Bipolar gedopt
Neuer Ansatz erlaubt, die Leitfähigkeit von Halbleitern umkehrbar zu steuern
HZDR/Juniks
Ausgangspunkt der Überlegungen der Forscher aus Bowling Green (Ohio), Dresden, Berkeley und Los Alamos war eine besonders auffällige Eigenschaft des Materials: die Breite seiner Bandlücke. Sie ist ein Maß für den energetischen Abstand zwischen Valenz- und dem Leitungsband eines Festkörpers. Bei Halbleitern ist bei sehr tiefen Temperaturen zunächst nur das Valenzband mit Ladungsträgern besetzt, das Material ist nichtleitend. Durch Energiezufuhr können sie jedoch in das Leitungsband überführt werden und einen Stromfluss ermöglichen.
„Die Bandlücke von Galliumoxid gilt unter Experten als ultrabreit“, erläutert Dr.

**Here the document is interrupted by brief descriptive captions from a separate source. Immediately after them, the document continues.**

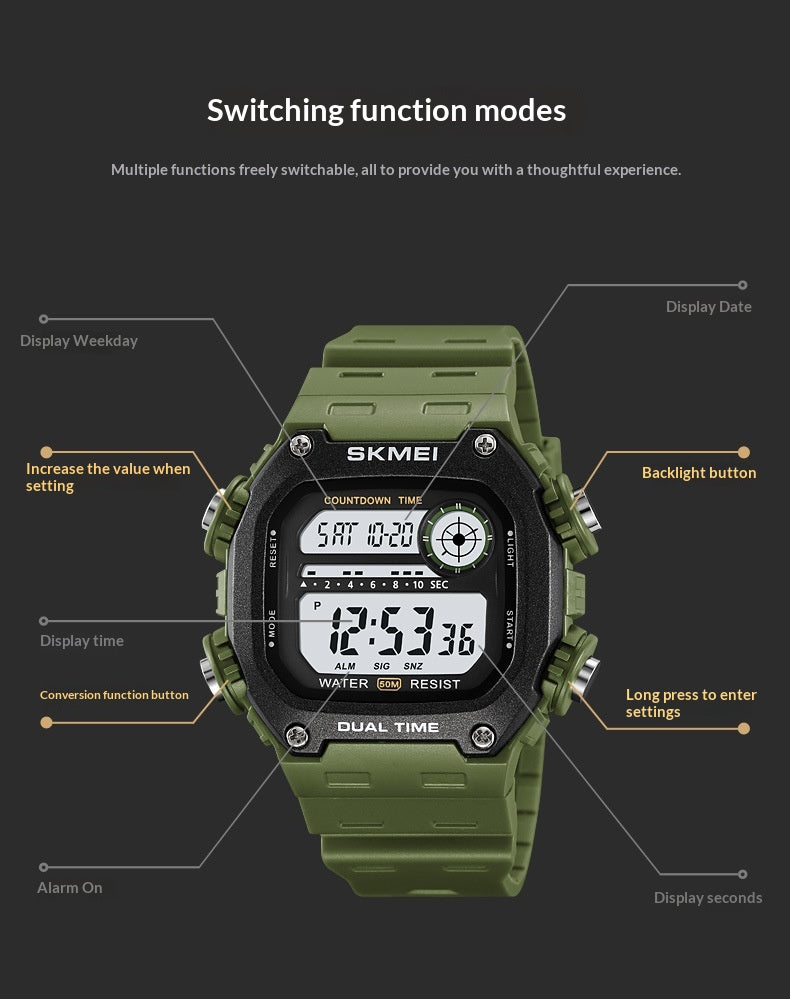 Multifunctional Sports Smartwatch For Men And Women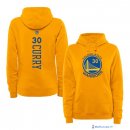 Sweat Capuche NBA Golden State Warriors Stephen Curry 30 Jaune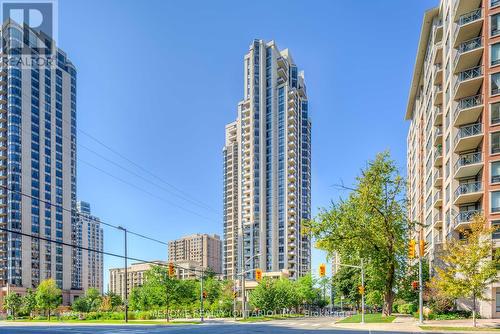 1723 - 500 Doris Avenue, Toronto, ON - Outdoor With Balcony With Facade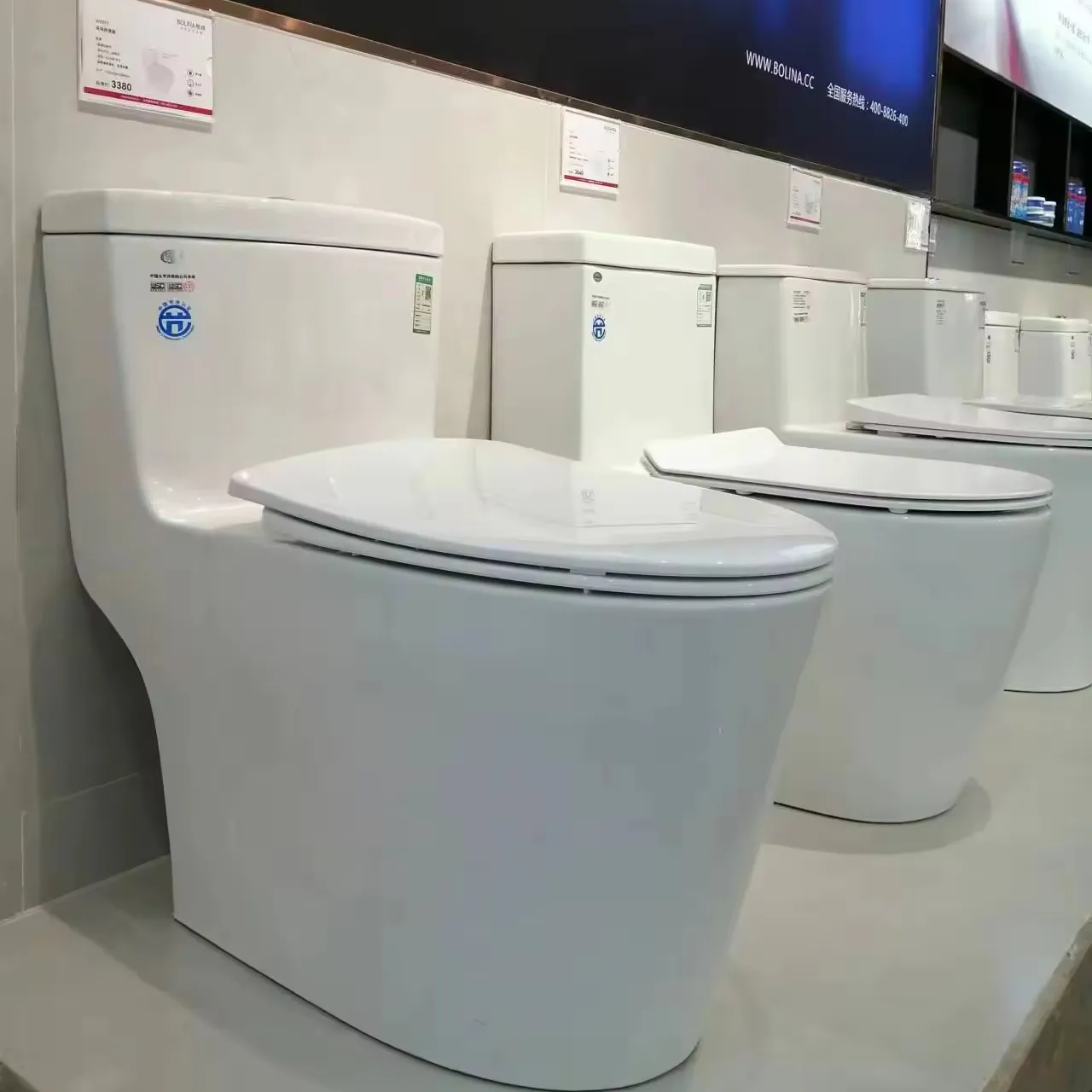 Bolina American Standard cUPC Wholesale price Modern Design S-trap Flush Elongated siphonic one piece toilet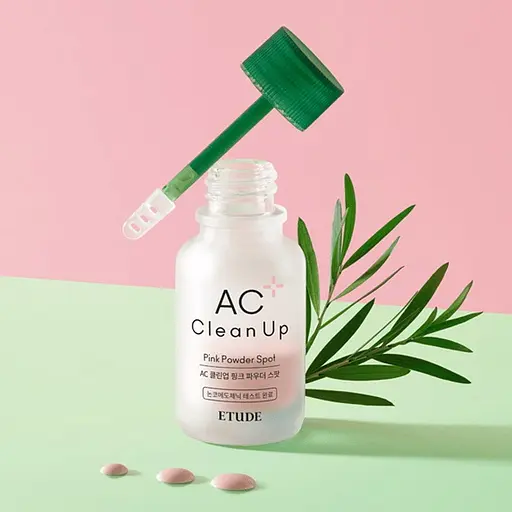 Точечное средство для борьбы с акне AC Clean Up Pink Powder Spot Etude House 15 мл - фото 4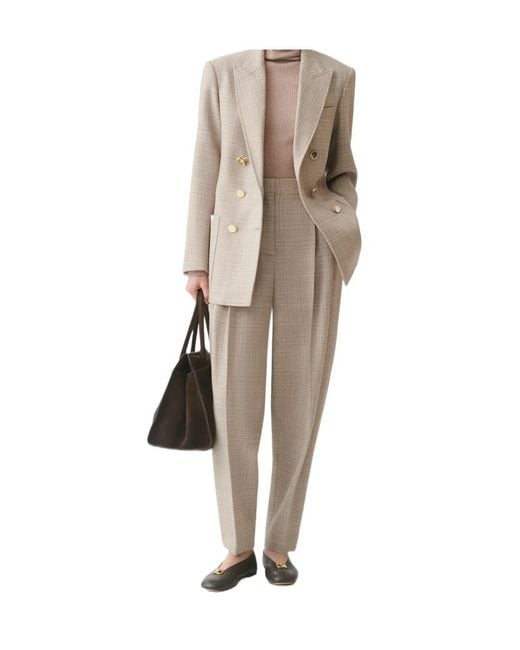 Fabiana Filippi Natural Tapered Casual Pants
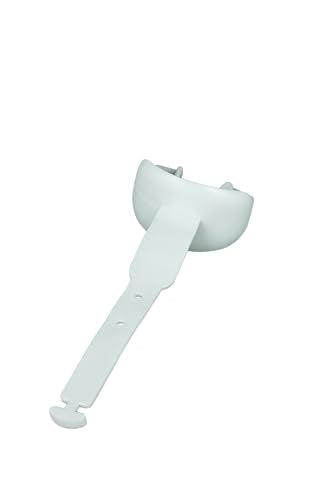 DAMAGE CONTROL Pacifier Football Mouth Guard – Permanent Strap – White - color: White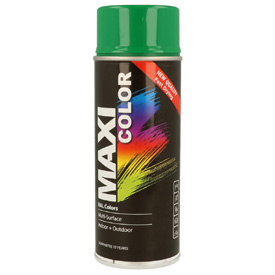 MaxiColor akrylová farba s finálnym lesklým lakom v spreji, RAL6029 Objem: 400ml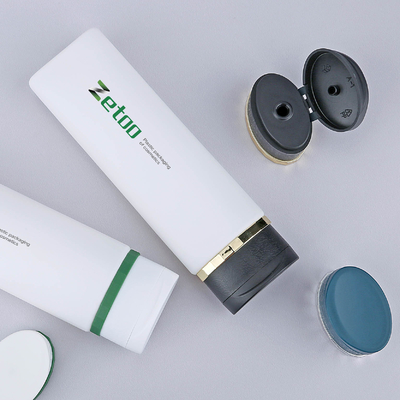120ml Custom Printed Cosmetic Bottles Oval Plastic Bottles For Cosmetics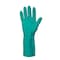 North Chemical Resistant Gloves, Nitrile, 13 in L, 15 mil, Green, 8, 1 PR LA132G/8 - alternate 3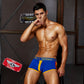Boxer confortable à motifs colorés pour homme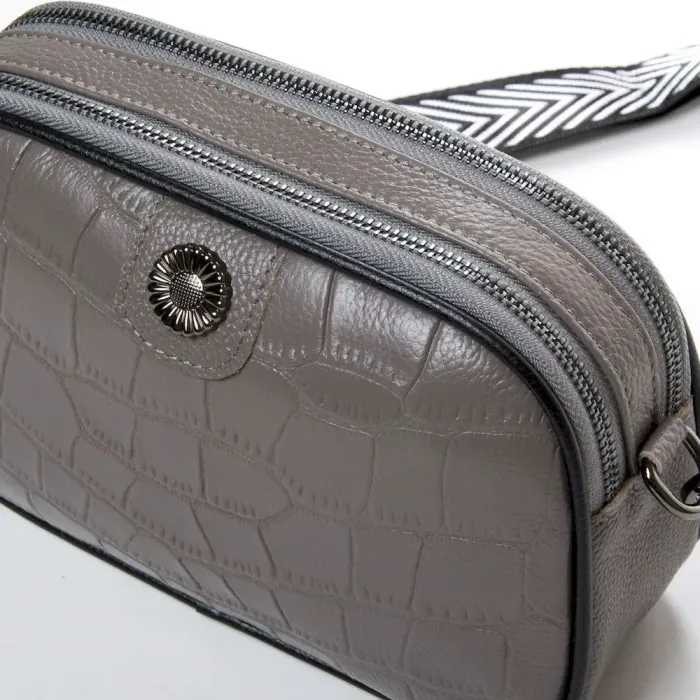 Сумка Жіноча Клатч шкіряна ALEX RAI BM 881 grey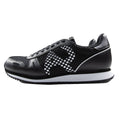 Armani Jeans Eagle Mesh Trainers Black/White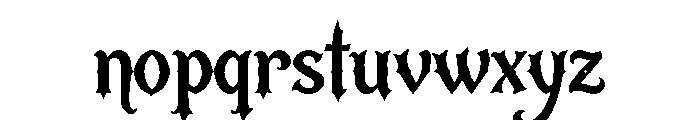 Noctevra Font LOWERCASE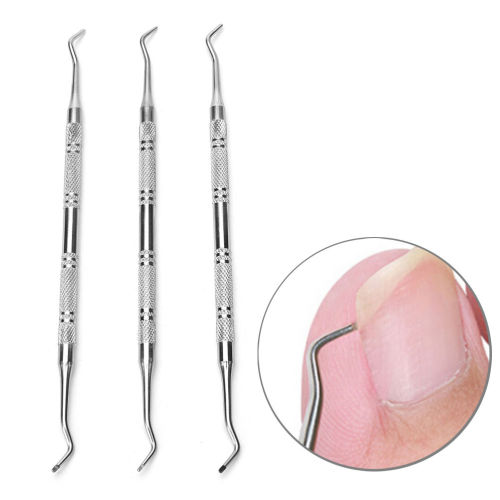 Nail Correction Lifter File Clean Installation Tool Double Ended Sided Pedicure Foot Nail Care Hook Ingrown Toe 1pc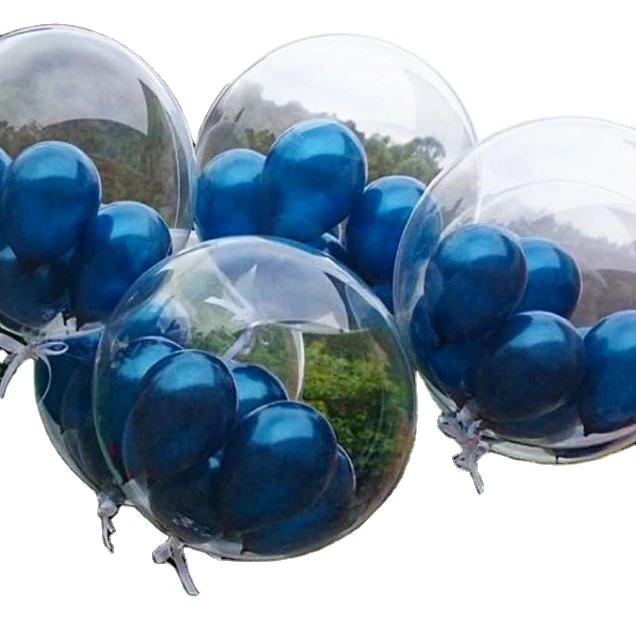 Birthday Wedding 10/18/20/24/36 Inch Transparent Clear Bubble Balloon Clear BoBo Foil DIY Balloon Party
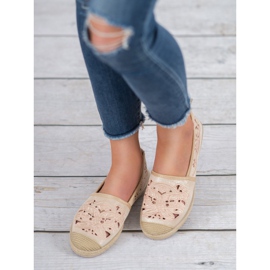 VICES Wildleder-Espadrilles braun 2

Andreas Wagner, Leiter der Abteilung Kernphysik am HZDR und Koautor der Studie: „Sie macht das Material besonders attraktiv für die Leistungselektronik, denn sie verspricht Anwendungen in Bereichen hoher elektrischer Feldstärken, bei denen heute etablierte Halbleitermaterialien unweigerlich zerstört würden.“ Doch die Sache hat einen Haken: Mit zunehmender Bandlückenenergie nimmt die Effizienz gängiger Dotierungsverfahren ab.
Sanfte Dotierung
Fremdatome werden in Halbleiter eingebracht, um zusätzliche Ladungsträger in seinem Leitungsband freizusetzen. Sind es Elektronen, sprechen Wissenschaftler von n-oder negativ-Dotierung - sind es sogenannte Löcher, von p-oder positiv-Dotierung. Dieser Vorgang führt dann zur n- beziehungsweise p-Leitung. Der Einbau von Fremdatomen fügt jedoch neue Energieniveaus in die Bandlücke ein, die die Bandstruktur des Materials beeinflussen und die elektronischen Eigenschaften des Halbleiters in hohem Maße verändern können. Anders bei einer Dotierung mit Wasserstoff: Die elektronischen Eigenschaften des ursprünglichen Halbleiters bleiben nahezu unbeeinflusst – lediglich die Ladungsträger-Konzentration wird erhöht.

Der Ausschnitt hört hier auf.